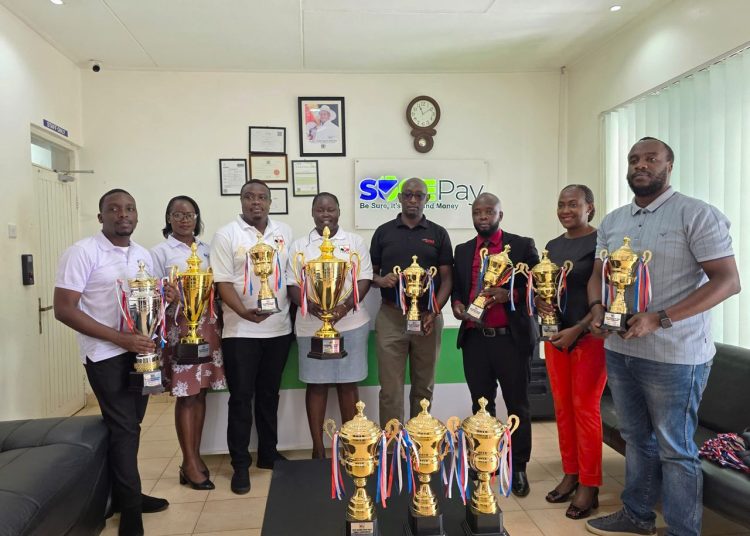 Big Field, Kenyan Stars Headline Uganda Open as Action Starts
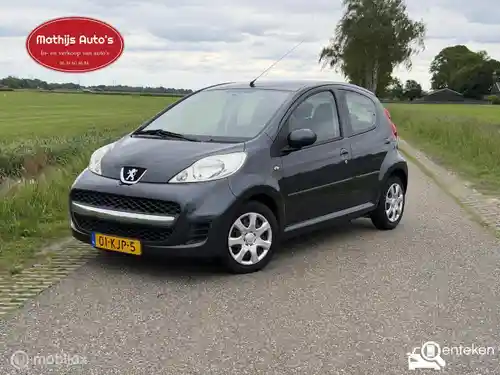 Peugeot 107 1.0 70 2009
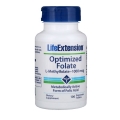 Оптимизированный фолат Life Extension Optimized Folate 1000 мкг, 100 таблеток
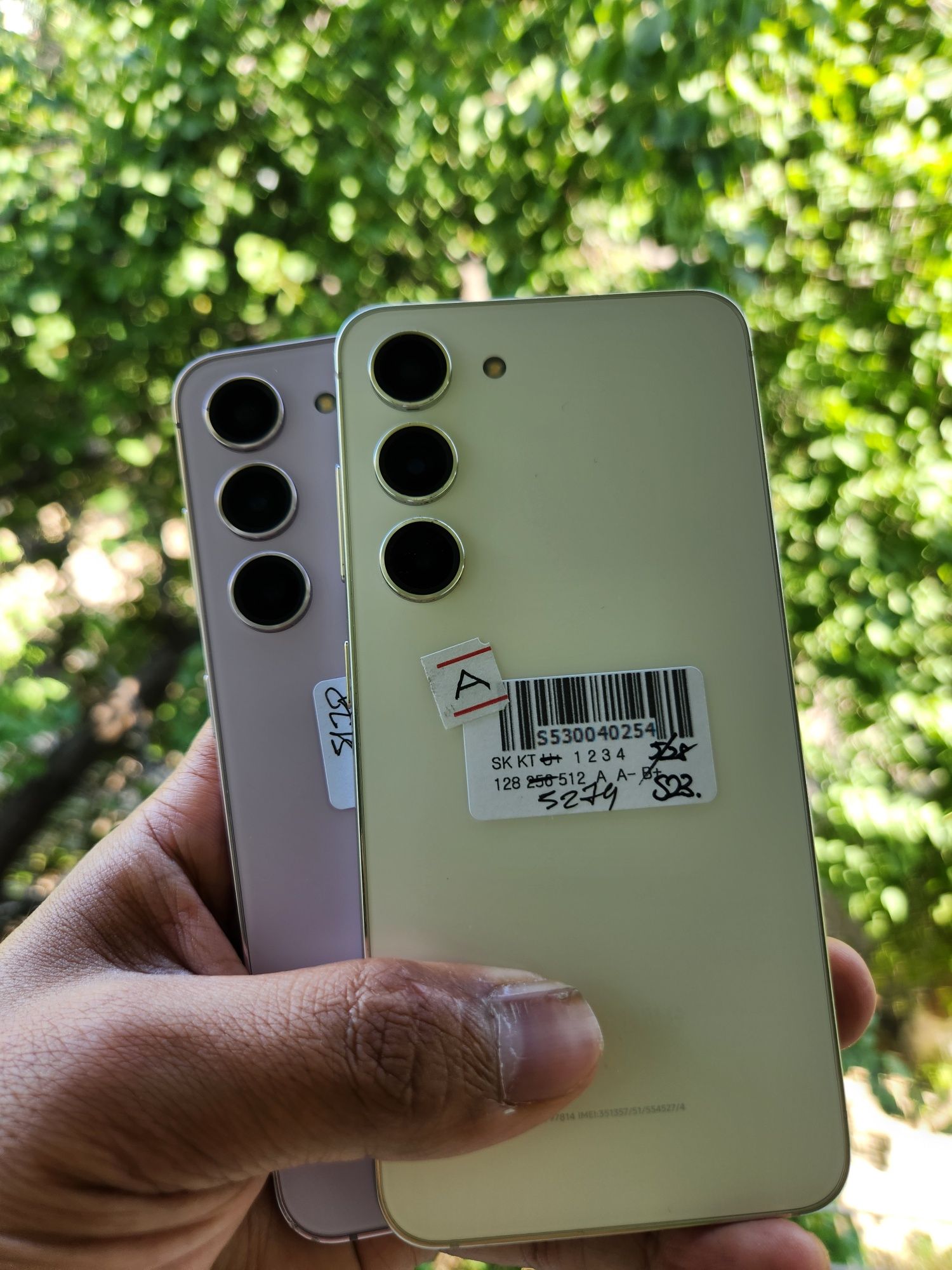 Samsung  s23 5G idea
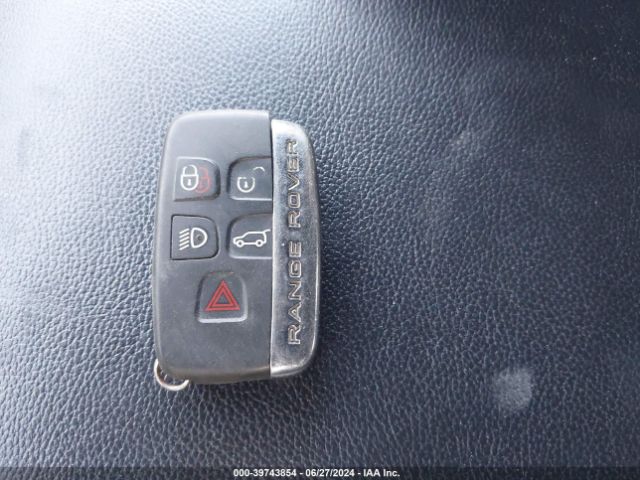 SALVP2BG6HH187712 Land Rover Range Rover Evoque Se/se Premium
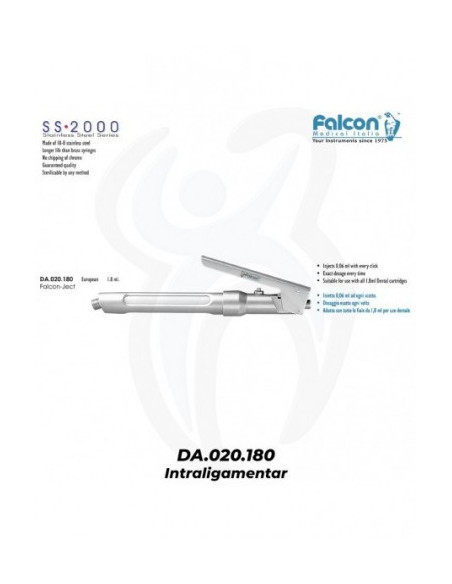 Falcon-Ject Curva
::::::
* **TASK DIRECTIONS**: Your answer must consist only of the lines from the one containing "Оптимизированный фолат Life" through the end of the entries, restated word for word, with no pictures.

* **EXERCISE ANSWER**:
 Оптимизированный фолат Life Extension Optimized Folate 1000 мкг, 100 таблеток
 Samsung  s23 5G idea
 SALVP2BG6HH187712 Land Rover Range Rover Evoque Se/se Premium
 Falcon-Ject Curva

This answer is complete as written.